Task instructions
Under this line are the records; write out word for word the part that begins at the line containing "Western blot analysis" and ends at the line containing "Liposuction Before &", and no more.

*** Exercise input Section Begins ***

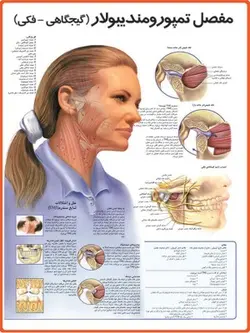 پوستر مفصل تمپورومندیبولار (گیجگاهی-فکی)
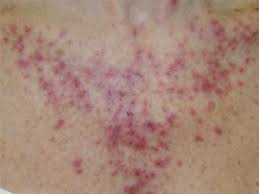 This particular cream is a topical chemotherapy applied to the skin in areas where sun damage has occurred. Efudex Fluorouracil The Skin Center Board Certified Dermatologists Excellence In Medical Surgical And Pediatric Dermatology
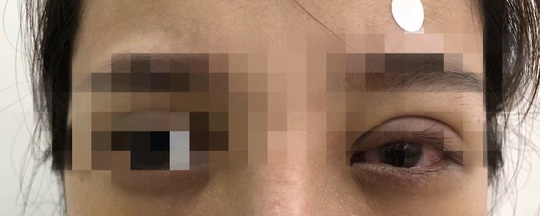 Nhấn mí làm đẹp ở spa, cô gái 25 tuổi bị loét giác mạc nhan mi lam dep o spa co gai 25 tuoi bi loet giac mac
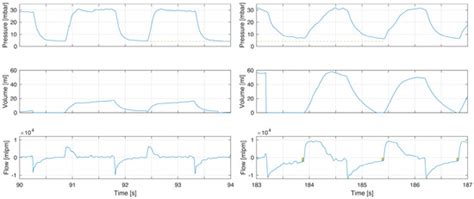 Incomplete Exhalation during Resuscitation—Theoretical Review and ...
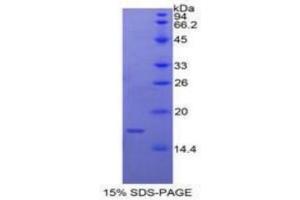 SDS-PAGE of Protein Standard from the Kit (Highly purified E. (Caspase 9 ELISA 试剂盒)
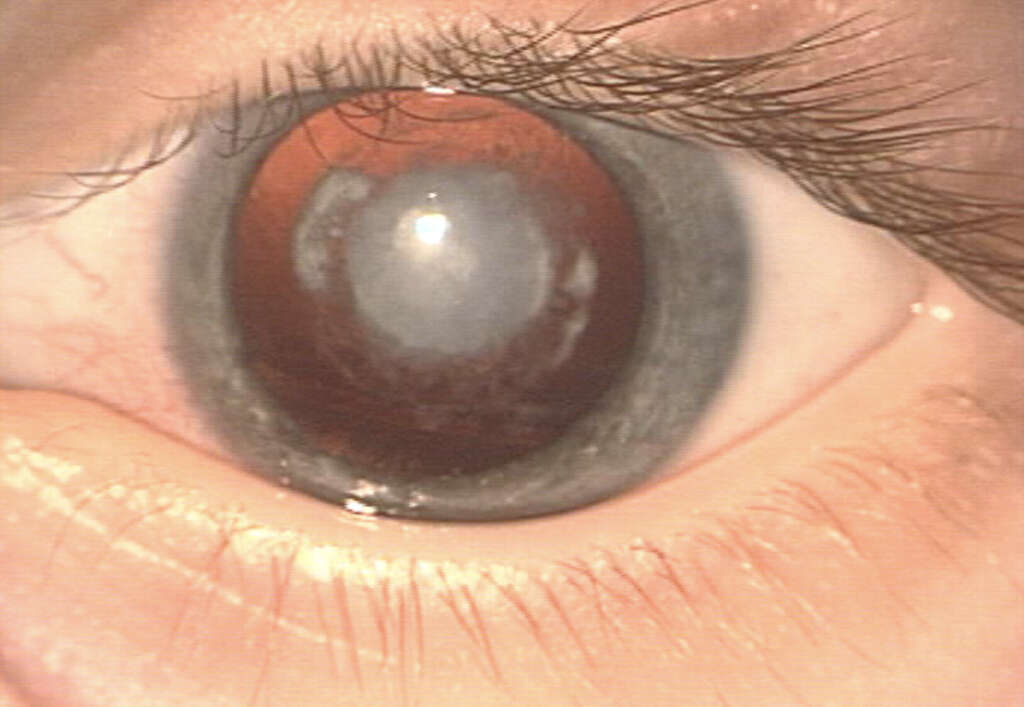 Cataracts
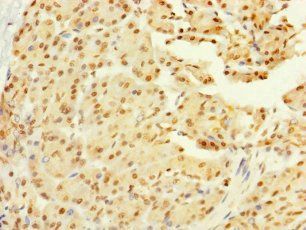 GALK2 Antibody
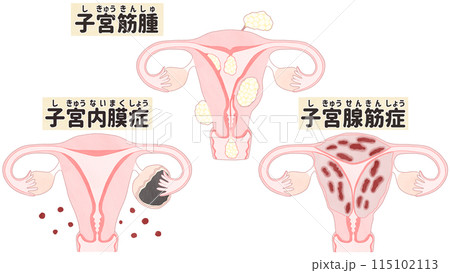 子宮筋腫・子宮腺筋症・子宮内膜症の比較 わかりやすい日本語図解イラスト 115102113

*** Exercise input Section Ends ***
*** Exercise input Section Begins ***

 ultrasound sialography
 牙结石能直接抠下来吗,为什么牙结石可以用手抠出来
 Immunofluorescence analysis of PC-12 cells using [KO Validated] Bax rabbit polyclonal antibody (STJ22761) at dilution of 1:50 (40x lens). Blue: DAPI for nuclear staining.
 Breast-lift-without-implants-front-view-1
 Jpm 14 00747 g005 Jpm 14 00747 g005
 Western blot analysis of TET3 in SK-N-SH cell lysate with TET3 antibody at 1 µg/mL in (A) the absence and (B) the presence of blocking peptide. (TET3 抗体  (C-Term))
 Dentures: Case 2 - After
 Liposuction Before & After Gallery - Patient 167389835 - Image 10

*** Exercise input Section Ends ***

Solution
 Western blot analysis of TET3 in SK-N-SH cell lysate with TET3 antibody at 1 µg/mL in (A) the absence and (B) the presence of blocking peptide. (TET3 抗体  (C-Term))
 Dentures: Case 2 - After
 Liposuction Before & After Gallery - Patient 167389835 - Image 10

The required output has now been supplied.